◆ Task prompt
State how many lines in the following entries hold the word "from". The reply is that number only.

◆ Dataset records

· · · · · · ·

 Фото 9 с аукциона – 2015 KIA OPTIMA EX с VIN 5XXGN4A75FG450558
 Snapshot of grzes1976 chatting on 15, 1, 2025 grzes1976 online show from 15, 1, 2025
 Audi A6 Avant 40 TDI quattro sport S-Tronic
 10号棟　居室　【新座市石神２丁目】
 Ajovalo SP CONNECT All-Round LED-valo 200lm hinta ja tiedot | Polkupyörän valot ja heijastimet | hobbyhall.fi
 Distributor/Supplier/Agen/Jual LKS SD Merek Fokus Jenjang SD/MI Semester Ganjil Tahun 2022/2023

· · · · · · ·

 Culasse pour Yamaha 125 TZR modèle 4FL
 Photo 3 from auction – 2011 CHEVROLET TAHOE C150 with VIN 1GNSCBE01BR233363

· · · · · · ·

◆ Solution
2